» **What needs to be done**: Would you retype the lines from the one that holds "LA VIDA CAÑON" to the final line of the entries below, both ends included and exactly as written, but without pictures?

» **Extracted information**:
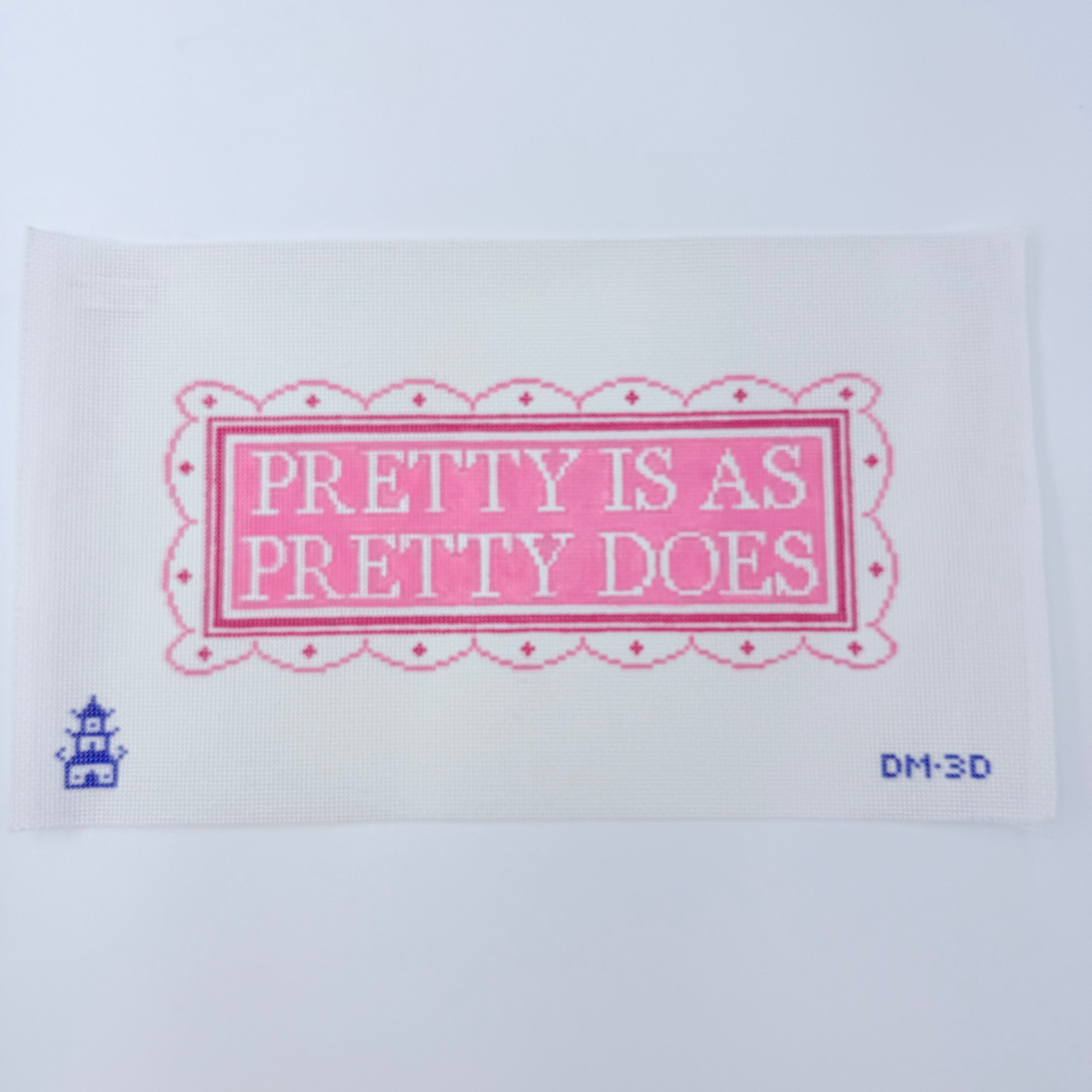 Pretty Is As Pretty Does Canvas - KC Needlepoint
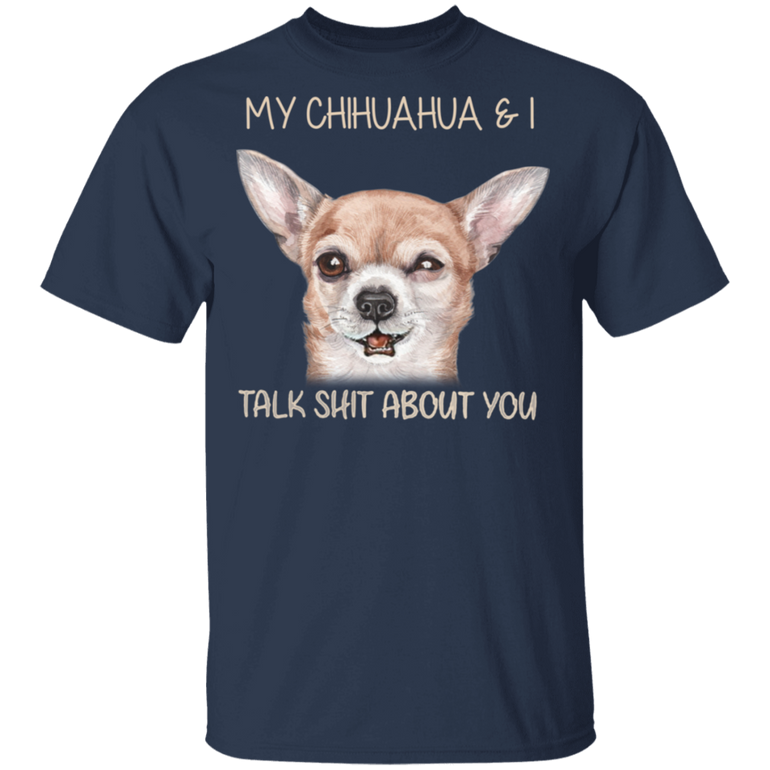 My Chihuahua & I Talk Shit About You Funny Dog Shirts With Sayings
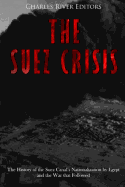 The Suez Crisis: The History of the Suez Canal's Nationalization by Egypt and the War That Followed
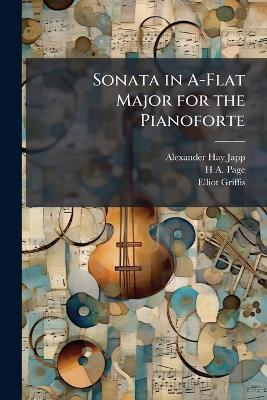 Sonata in A-Flat Major for the Pianoforte - Alexander Hay Japp,H A Page,Elliot Griffis - cover
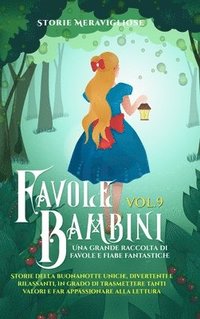 bokomslag Favole per Bambini Una grande raccolta di favole e fiabe fantastiche. (Vol.9)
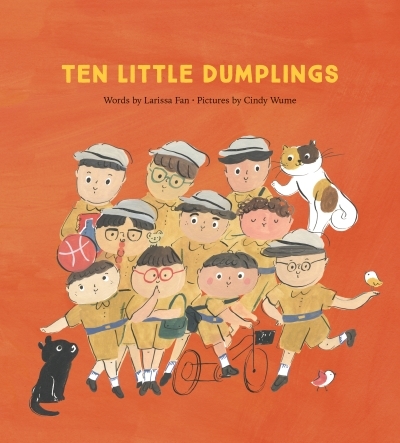 Ten Little Dumplings | Fan, Larissa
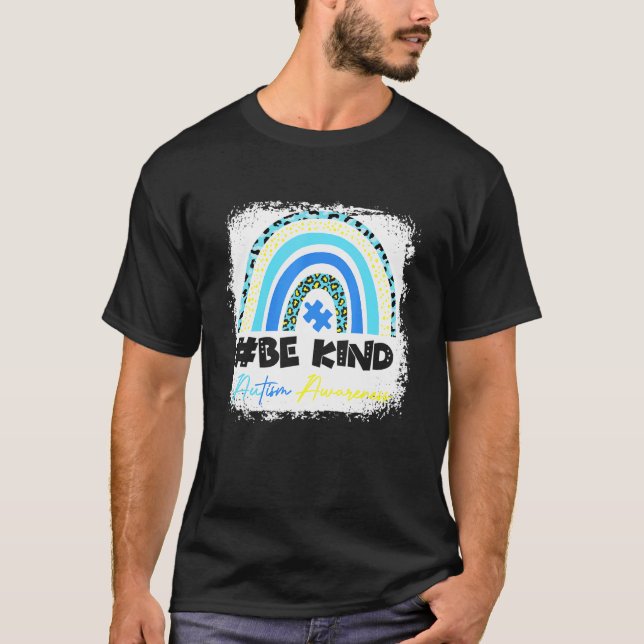 Bleached Leopard Rainbow Autism Awareness Be Kind  T-Shirt (Front)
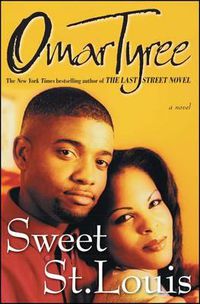 Cover image for Sweet St. Louis: AN Urban Love Story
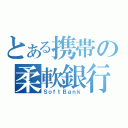 とある携帯の柔軟銀行（ＳｏｆｔＢａｎｋ）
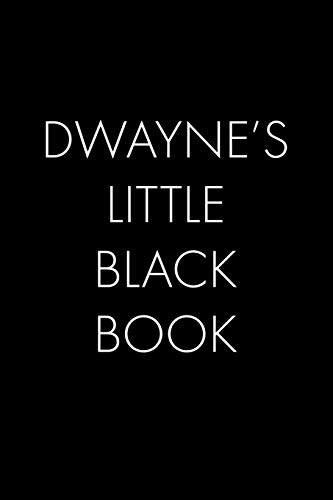 Dwayne's Little Black Book: The Perfect Dating Companion For A Handsome Man Named Dwayne. A Secret Place For Names, Phone Numbers, And Addresses.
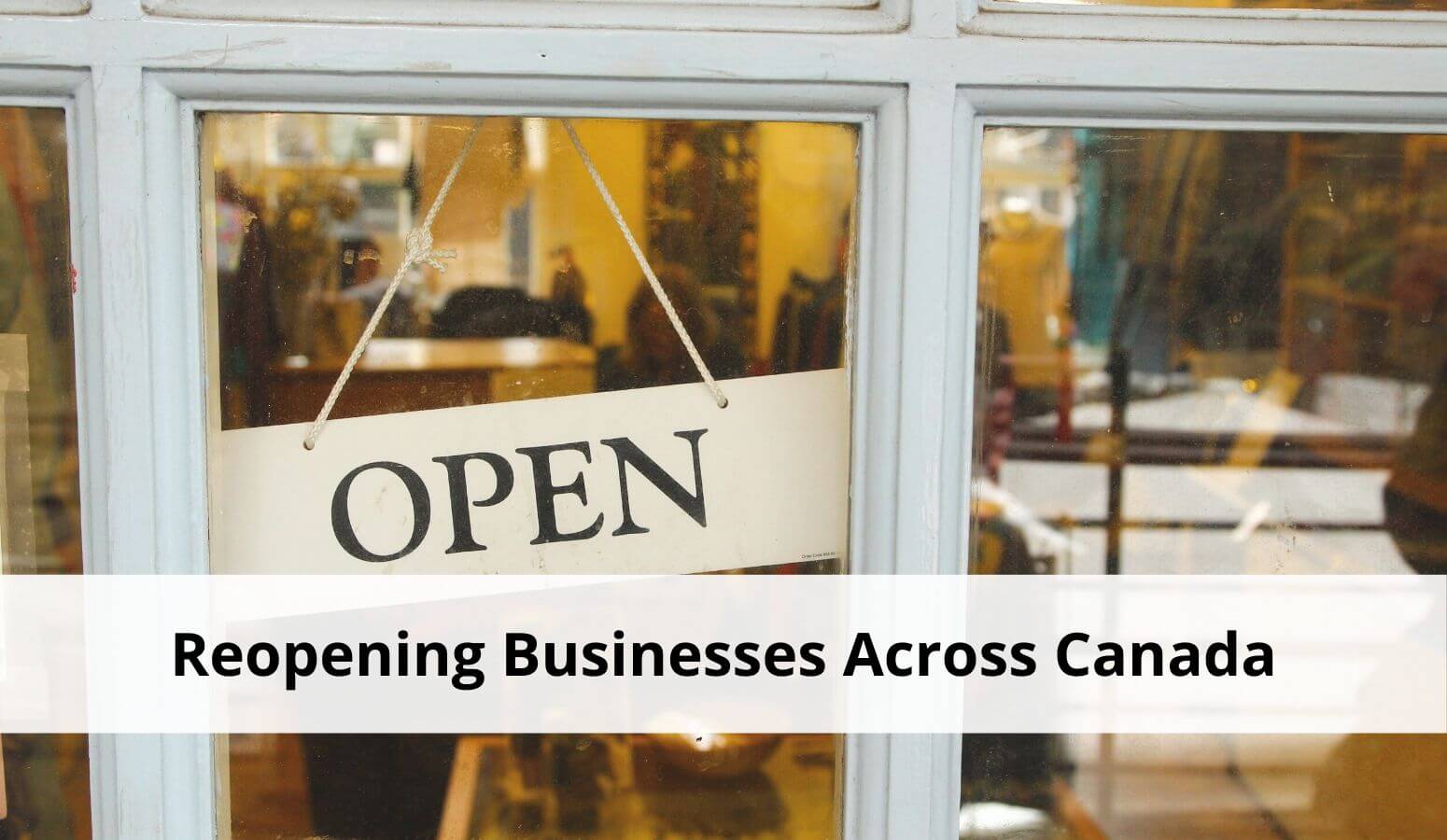 reopening businesses across canada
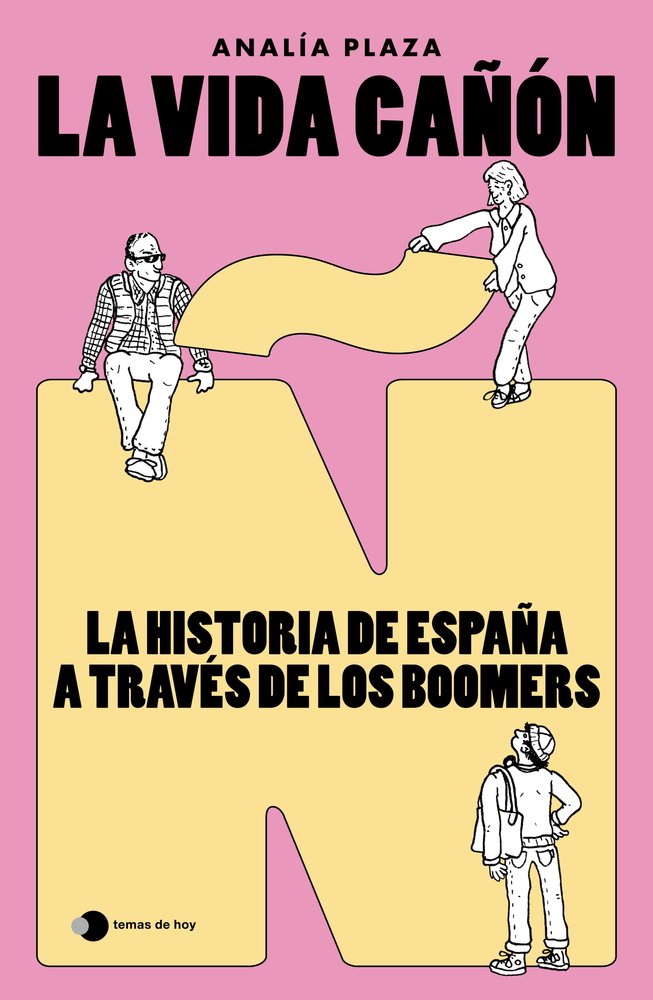 LA VIDA CAÑON LA HISTORIA DE ESPAÑA A TRAVES DE LOS BOOMERS, de ANALIA PLAZA | portada del libro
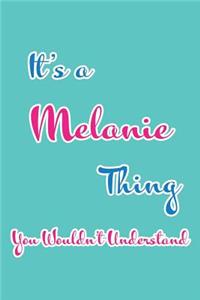 It's a Melanie Thing You Wouldn't Understand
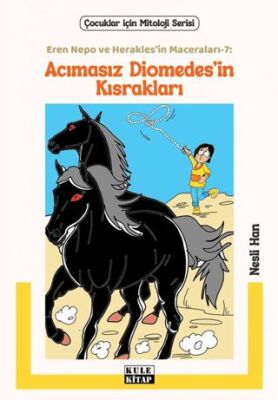 Eren Nepo ve Herakles’in Maceraları 7: Acımasız Diomedes’in Kısrakları - 1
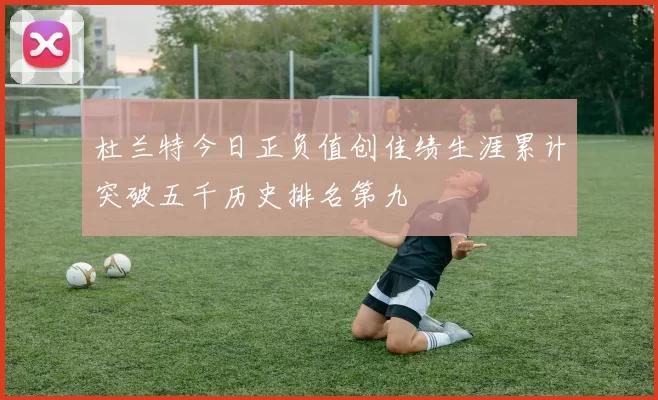 杜兰特今日正负值创佳绩生涯累计突破五千历史排名第九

» **Result**:
 LA VIDA CAÑON LA HISTORIA DE ESPAÑA A TRAVES DE LOS BOOMERS, de ANALIA PLAZA | portada del libro
 It's a Melanie Thing You Wouldn't Understand
 Eren Nepo ve Herakles’in Maceraları 7: Acımasız Diomedes’in Kısrakları - 1
 杜兰特今日正负值创佳绩生涯累计突破五千历史排名第九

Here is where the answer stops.